Parking In Motion aims to become the universal database of open parking spots.

Rafe Needleman Former Editor at Large
Rafe Needleman reviews mobile apps and products for fun, and picks startups apart when he gets bored. He has evaluated thousands of new companies, most of which have since gone out of business.
Rafe Needleman
4 min read

There are dozens of products and apps that can route you from one place to another by car. Many of these apps will even take real-time traffic into account and adapt directions to avoid congestion. What none of them can do is tell you where you're most likely to actually find a parking place once you're at your destination. That's what Parking In Motion is for.

This mobile app, in its early stages now, is mostly a directory of parking lots and garages. Like GasBag, a database of gas stations and the prices they charge, Parking In Motion shows you how much you're going to pay for parking at various lots. Users can update the data if it's inaccurate. Great feature: the app has arrows to show where garage entrances are.

Ultimately, the app will do much more, according to co-founder Sam Friedman. First of all, it will show which lots or garages are full. This information can't come from users--it'd be too late to be useful. Parking In Motion is instead working with garage operators to collect this data on a broader scale. But first it might have to help operators actually get that data themselves.

Parking In Motion can help you find garages and, in some cities, street parking too. Screenshot by Rafe Needleman/CNET

Tighter integration with parking structure operators will eventually allow drivers to reserve spots and to pre-pay for them--possibly with a discount. This is where Parking In Motion will make its money, taking a percentage of those transactions.

The app will also, eventually, offer advice on street parking. It won't be able to direct you to a specific spot, unfortunately. Even though many cities are installing smart parking meters, the data collection is too slow to direct drivers to open spaces. Rather, Parking In Motion will collect data from users and meters and tell them which streets or areas are most likely to have open spots, and how long it will likely take to find them.

Down the line even further, Friedman has this vision: "Five years from now, you'll be able to get in your car, find parking on the street, and pay for it from within your car. And then if you're in a meeting and it's running over, you'll be able to re-up your meter from the conference table."

The company's flagship cities are Philadelphia and Santa Monica, Calif., where it has reservations and street parking data coming online. But it has garage data in about 300 cities, and the iPhone app is free and available in the App Store today.
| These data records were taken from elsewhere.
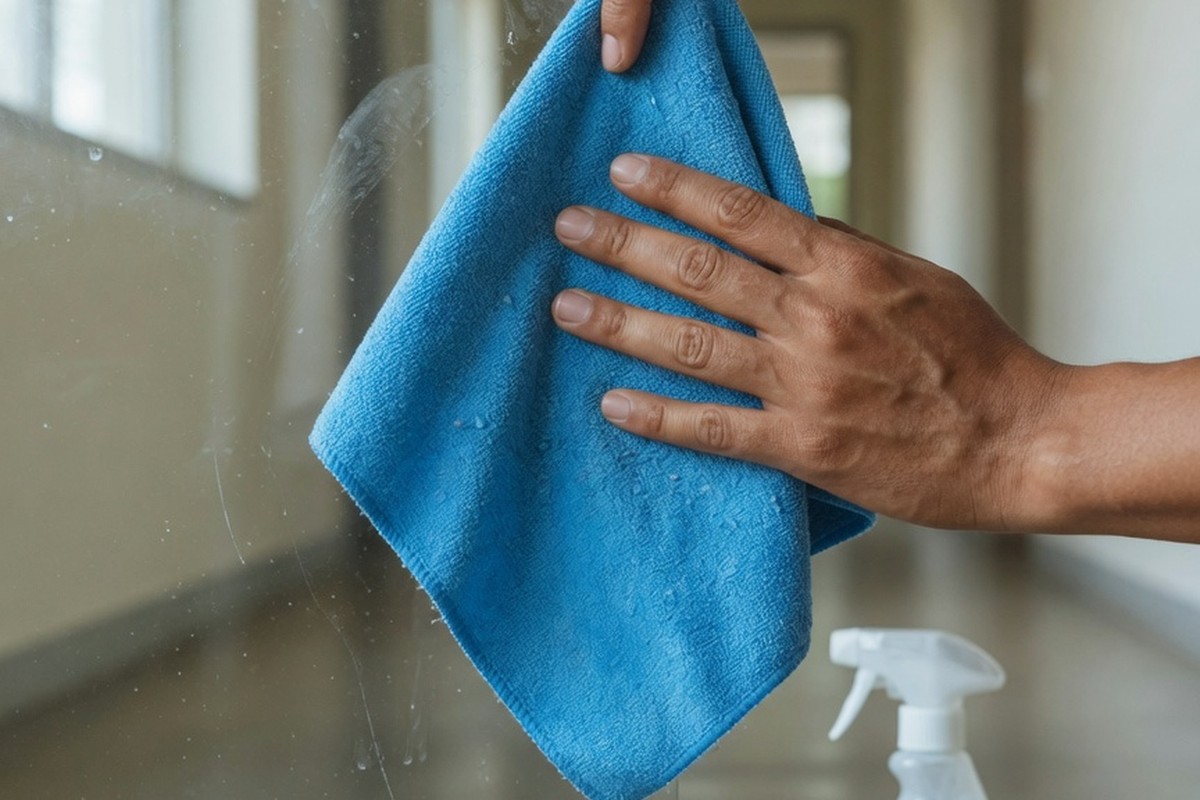 Handen met microvezeldoek en EU Ecolabel fles bij glaswand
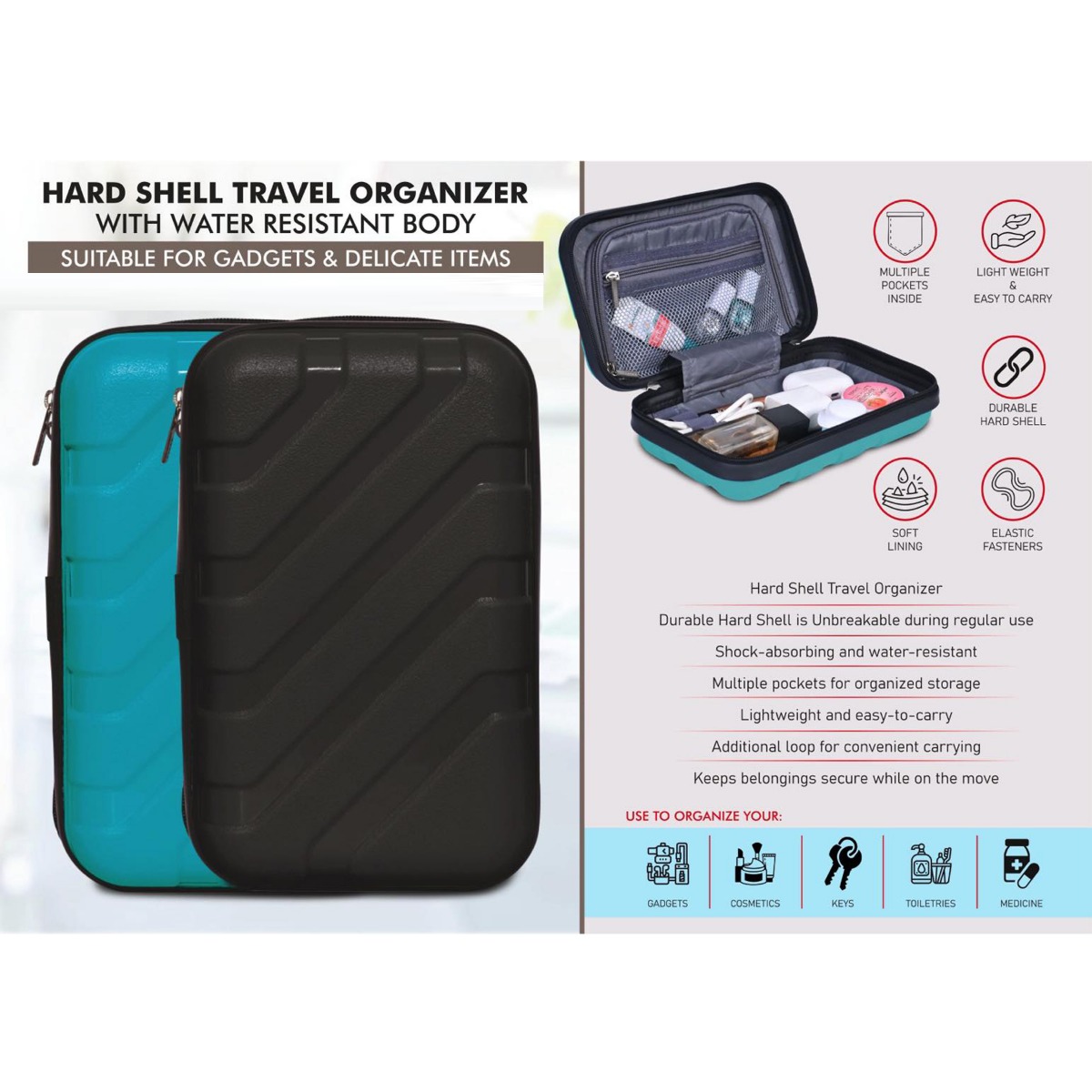 101-E385*Hard Shell Travel Organizer with unbreakable shell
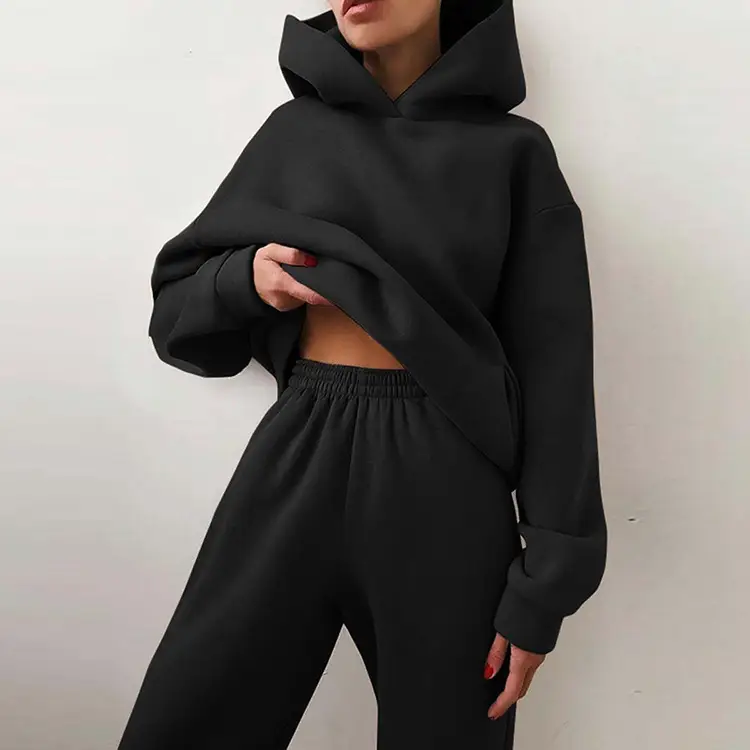 Women's White Hoodie Pants Set Winter Casual Two-Piece - Image 20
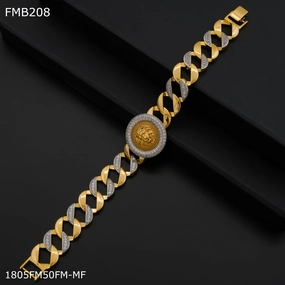Freemen Lion ad goldne Bracelet For Men - FMB208 Elegant Shape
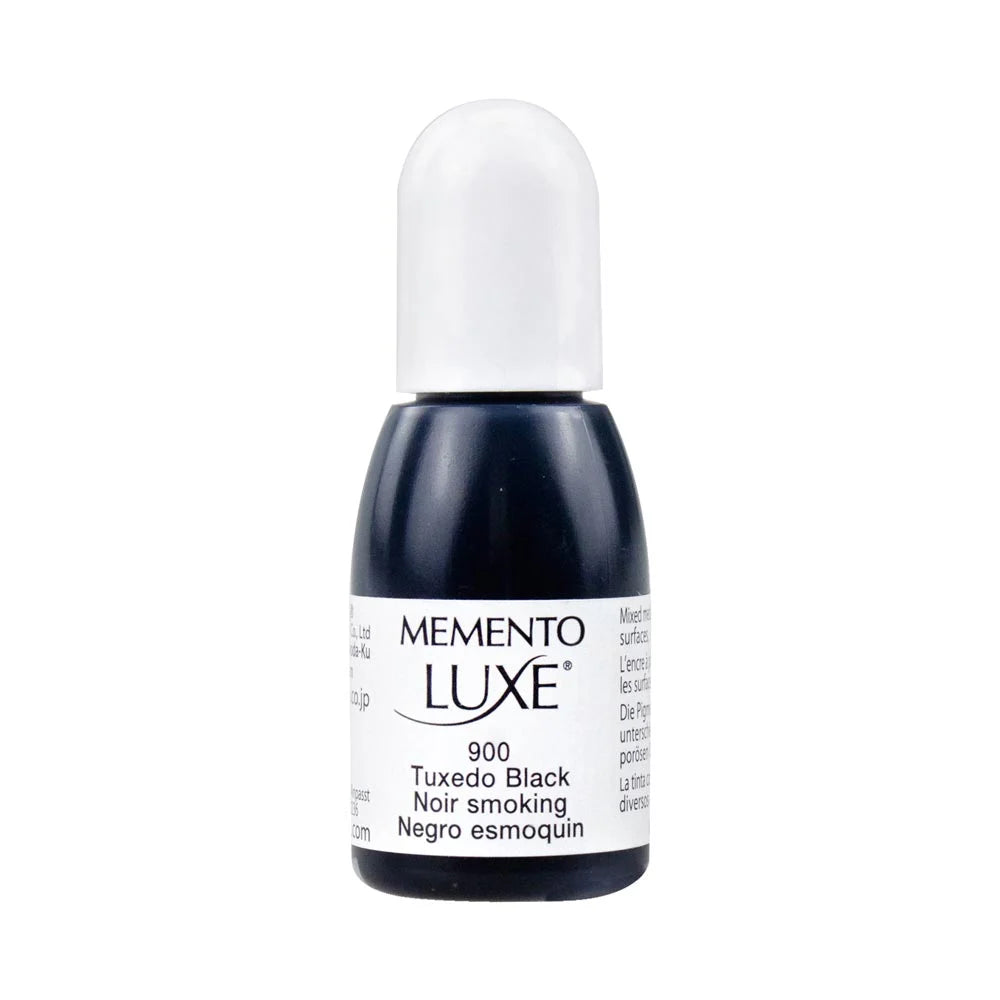 Tsukineko Memento Luxe Ink Refill - TUXEDO BLACK (great for fabrics!) 15ml - Rustic Farmhouse Charm
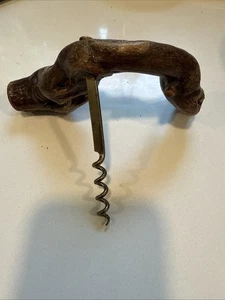 Vintage Corkscrew Lacquered Grapevine Burl Wood Handle Wine Bottle Opener Rustic - Picture 1 of 5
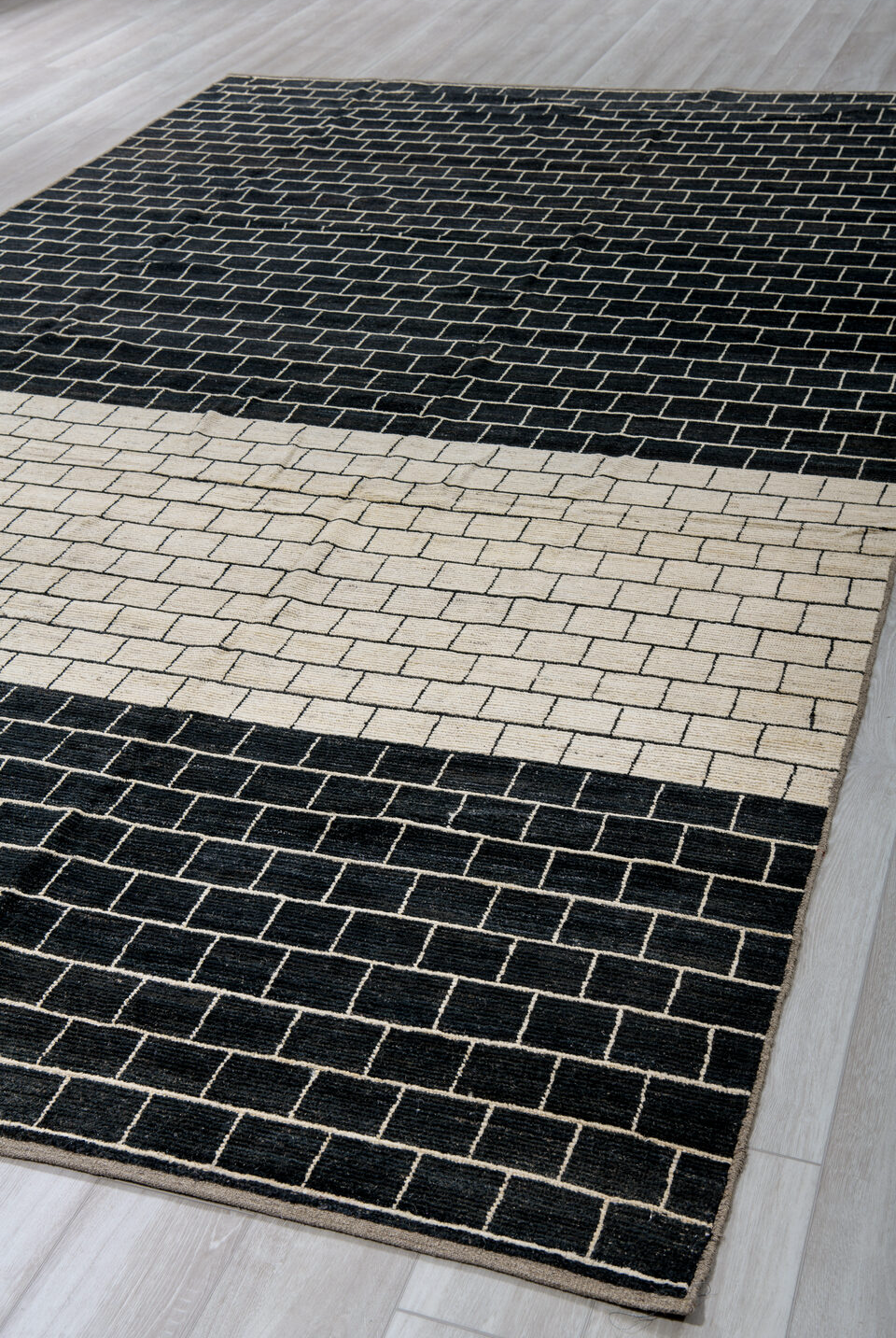 8' x 14' one-of-a-kind handmade vintage Tulu large size rug. Color palette: black, blue, charcoal, dark gray, gainsboro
It's a relationship business
Building the consumer-facing services are almost trivial for this company. The real challenge is getting good data. To get information from parking lots and garages, Parking In Motion will need to establish relationships with owners--and possibly help them upgrade their IT so they can report open spot numbers in real time. To get street parking information, Parking In Motion will have to either get the parking meter companies (there are a half-dozen of them) to provide data after winning approval from cities, or it will have to file Freedom Of Information requests to get the public-owned data. And it will have to do this hundreds of times.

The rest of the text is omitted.